* _ACTION ITEM_: Output only the stretch of the listing that starts at the line containing "Kalem fincanı, hesap" and ends at the line containing "A 20th Century", reproduced exactly with both ends.

________________________________________

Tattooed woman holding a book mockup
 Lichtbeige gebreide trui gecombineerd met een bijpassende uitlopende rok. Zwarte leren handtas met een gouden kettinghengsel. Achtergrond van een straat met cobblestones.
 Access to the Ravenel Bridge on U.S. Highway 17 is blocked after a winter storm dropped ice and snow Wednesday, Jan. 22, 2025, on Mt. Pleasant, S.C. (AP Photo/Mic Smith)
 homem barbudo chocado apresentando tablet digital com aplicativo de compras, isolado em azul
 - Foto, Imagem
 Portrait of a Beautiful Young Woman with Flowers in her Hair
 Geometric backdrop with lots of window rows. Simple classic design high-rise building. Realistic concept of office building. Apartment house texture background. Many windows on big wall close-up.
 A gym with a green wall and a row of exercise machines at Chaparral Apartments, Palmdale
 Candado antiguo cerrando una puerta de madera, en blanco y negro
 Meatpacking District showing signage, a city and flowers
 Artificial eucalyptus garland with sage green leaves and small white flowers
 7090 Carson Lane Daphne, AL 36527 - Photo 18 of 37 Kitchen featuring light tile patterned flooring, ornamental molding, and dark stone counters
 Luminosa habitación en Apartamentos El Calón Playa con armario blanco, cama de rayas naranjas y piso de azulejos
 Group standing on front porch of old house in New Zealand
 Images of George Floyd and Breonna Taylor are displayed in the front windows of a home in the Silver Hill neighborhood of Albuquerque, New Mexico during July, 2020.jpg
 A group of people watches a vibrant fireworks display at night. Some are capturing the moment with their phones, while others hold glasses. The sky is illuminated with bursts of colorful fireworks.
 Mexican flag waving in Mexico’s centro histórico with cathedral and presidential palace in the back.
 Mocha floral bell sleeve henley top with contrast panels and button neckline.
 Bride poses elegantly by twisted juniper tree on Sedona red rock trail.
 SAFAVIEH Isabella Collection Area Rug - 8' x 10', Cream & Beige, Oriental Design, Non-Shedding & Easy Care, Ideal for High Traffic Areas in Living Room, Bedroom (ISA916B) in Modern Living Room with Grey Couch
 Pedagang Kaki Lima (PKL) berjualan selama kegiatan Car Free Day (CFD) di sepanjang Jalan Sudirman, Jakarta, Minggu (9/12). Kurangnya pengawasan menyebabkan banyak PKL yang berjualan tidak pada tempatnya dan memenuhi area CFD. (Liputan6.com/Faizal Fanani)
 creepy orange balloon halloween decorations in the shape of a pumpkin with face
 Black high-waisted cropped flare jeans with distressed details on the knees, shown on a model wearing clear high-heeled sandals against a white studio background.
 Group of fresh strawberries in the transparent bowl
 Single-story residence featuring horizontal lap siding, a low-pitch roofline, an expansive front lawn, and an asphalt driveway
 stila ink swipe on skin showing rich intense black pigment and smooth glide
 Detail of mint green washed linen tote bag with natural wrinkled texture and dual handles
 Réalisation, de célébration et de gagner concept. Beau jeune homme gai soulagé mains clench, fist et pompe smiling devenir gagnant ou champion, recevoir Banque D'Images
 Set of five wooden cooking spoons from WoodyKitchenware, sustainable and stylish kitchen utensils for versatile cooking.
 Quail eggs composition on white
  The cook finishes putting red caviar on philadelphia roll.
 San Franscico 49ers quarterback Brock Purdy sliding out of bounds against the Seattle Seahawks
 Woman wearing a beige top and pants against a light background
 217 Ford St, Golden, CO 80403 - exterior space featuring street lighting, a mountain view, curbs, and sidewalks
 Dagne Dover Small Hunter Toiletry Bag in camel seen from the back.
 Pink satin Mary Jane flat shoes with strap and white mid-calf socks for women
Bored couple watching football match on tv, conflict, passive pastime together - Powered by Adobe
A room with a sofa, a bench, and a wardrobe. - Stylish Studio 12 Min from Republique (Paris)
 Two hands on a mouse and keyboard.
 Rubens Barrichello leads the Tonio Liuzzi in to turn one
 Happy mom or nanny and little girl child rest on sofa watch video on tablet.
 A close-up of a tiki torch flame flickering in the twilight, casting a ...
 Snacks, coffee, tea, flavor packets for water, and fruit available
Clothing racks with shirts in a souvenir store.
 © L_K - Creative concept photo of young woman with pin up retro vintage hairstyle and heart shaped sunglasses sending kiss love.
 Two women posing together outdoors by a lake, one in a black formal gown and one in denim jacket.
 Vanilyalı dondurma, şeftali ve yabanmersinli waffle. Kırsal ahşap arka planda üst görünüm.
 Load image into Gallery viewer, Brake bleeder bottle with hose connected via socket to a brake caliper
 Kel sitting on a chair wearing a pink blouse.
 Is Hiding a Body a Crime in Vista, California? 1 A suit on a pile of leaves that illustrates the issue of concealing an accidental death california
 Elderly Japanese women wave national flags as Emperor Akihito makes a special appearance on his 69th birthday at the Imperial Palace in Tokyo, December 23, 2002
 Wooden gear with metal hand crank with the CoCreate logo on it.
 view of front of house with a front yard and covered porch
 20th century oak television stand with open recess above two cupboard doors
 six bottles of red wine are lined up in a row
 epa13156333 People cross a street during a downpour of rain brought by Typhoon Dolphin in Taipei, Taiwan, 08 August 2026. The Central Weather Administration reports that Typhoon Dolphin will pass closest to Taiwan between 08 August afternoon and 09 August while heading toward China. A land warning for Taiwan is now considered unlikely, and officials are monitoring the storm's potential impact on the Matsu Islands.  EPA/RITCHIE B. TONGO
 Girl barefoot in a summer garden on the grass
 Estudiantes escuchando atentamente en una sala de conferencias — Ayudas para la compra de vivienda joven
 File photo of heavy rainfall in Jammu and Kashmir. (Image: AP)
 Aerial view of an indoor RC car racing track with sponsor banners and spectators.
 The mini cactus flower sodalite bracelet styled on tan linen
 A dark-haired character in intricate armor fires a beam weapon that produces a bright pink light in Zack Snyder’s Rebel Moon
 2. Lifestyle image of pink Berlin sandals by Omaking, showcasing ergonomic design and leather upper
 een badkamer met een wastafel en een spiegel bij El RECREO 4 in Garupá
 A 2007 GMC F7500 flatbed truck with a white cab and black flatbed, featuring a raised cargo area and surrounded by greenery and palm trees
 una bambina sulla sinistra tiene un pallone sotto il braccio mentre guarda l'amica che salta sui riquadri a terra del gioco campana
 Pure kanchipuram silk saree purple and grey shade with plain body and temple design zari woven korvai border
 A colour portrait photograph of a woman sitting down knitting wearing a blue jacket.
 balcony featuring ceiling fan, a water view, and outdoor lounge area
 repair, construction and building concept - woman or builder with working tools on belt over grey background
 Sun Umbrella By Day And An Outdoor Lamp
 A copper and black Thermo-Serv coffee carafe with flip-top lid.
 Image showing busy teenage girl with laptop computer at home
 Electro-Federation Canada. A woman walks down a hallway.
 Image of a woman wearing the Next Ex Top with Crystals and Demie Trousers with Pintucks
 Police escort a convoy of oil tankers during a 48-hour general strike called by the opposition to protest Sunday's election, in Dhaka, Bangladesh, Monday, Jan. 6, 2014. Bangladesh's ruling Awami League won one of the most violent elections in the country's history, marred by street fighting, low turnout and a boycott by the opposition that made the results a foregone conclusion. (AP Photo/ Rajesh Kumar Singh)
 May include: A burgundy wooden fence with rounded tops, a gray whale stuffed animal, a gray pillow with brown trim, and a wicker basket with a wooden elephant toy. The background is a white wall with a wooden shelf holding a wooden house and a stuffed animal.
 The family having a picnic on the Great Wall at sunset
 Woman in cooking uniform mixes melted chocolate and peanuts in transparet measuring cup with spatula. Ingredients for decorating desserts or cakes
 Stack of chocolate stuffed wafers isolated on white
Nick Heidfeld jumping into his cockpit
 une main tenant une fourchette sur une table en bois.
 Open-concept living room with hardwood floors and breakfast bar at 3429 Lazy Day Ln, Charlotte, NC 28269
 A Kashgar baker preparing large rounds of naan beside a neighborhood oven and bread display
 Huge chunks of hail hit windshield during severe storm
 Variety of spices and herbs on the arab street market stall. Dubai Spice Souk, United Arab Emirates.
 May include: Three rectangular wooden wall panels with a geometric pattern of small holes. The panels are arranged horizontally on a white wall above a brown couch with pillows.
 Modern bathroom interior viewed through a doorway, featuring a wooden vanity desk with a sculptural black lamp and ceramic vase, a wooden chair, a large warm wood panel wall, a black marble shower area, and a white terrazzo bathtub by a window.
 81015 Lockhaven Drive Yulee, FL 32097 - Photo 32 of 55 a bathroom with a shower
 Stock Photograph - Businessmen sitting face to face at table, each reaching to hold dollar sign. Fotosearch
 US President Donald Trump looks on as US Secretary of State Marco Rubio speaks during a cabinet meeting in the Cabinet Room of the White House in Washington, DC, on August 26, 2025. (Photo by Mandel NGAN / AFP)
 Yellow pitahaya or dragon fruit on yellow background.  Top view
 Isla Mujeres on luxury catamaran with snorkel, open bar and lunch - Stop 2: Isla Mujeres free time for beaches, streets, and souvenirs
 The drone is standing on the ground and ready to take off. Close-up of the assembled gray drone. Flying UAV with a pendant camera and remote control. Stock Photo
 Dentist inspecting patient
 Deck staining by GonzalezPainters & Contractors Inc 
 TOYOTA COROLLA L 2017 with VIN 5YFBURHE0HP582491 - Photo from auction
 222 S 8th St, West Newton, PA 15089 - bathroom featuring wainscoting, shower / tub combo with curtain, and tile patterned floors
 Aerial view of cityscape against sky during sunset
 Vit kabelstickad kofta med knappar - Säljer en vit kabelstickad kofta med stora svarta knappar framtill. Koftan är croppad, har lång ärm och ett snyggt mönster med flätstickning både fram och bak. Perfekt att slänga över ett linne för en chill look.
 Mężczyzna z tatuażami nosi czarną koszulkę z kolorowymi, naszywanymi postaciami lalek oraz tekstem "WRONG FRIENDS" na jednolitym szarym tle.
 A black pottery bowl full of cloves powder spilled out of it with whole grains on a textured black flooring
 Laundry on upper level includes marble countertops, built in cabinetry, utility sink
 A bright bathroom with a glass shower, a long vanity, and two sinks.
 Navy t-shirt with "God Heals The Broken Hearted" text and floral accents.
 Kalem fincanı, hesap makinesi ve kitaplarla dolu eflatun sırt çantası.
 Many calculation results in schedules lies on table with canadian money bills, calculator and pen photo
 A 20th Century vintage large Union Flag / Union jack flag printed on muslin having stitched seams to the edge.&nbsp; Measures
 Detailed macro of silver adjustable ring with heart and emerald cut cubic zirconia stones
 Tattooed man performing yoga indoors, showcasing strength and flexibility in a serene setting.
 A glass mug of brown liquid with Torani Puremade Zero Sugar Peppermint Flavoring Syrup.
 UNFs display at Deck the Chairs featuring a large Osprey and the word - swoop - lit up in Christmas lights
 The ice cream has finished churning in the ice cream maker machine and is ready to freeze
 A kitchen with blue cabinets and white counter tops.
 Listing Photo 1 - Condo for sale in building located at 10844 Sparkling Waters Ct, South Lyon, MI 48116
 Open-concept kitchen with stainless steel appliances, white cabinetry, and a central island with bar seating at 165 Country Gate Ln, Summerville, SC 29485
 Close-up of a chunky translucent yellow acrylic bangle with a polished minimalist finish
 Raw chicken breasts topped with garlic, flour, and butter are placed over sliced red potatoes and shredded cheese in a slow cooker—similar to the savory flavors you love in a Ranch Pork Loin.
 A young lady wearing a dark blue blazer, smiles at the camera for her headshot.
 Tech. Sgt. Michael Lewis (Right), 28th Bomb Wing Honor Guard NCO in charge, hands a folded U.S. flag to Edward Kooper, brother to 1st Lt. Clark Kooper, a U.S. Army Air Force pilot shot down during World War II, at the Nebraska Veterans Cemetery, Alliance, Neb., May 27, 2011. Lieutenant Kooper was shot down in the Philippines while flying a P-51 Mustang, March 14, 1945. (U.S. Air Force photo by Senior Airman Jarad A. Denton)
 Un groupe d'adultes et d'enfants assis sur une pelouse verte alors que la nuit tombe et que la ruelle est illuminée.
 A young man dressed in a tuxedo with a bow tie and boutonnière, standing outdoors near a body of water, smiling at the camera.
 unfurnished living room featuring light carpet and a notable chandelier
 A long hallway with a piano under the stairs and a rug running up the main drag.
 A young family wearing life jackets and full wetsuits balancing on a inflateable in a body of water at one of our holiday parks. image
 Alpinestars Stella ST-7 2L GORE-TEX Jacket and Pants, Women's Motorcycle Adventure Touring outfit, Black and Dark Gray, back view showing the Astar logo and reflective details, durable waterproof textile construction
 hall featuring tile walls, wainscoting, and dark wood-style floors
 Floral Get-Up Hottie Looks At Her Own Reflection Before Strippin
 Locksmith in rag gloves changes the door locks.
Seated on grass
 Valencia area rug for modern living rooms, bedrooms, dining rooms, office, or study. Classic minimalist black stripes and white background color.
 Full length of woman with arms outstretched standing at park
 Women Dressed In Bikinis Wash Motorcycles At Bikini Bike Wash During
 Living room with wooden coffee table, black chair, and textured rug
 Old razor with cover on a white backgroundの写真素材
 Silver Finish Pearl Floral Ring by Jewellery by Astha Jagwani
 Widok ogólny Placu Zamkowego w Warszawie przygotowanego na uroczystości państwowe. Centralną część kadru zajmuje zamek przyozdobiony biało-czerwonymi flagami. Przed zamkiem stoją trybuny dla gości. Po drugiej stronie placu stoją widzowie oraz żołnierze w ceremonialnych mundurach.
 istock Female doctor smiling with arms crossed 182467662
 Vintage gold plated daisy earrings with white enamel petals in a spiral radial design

________________________________________

* _OUTPUT_:
 Kalem fincanı, hesap makinesi ve kitaplarla dolu eflatun sırt çantası.
 Many calculation results in schedules lies on table with canadian money bills, calculator and pen photo
 A 20th Century vintage large Union Flag / Union jack flag printed on muslin having stitched seams to the edge.&nbsp; Measures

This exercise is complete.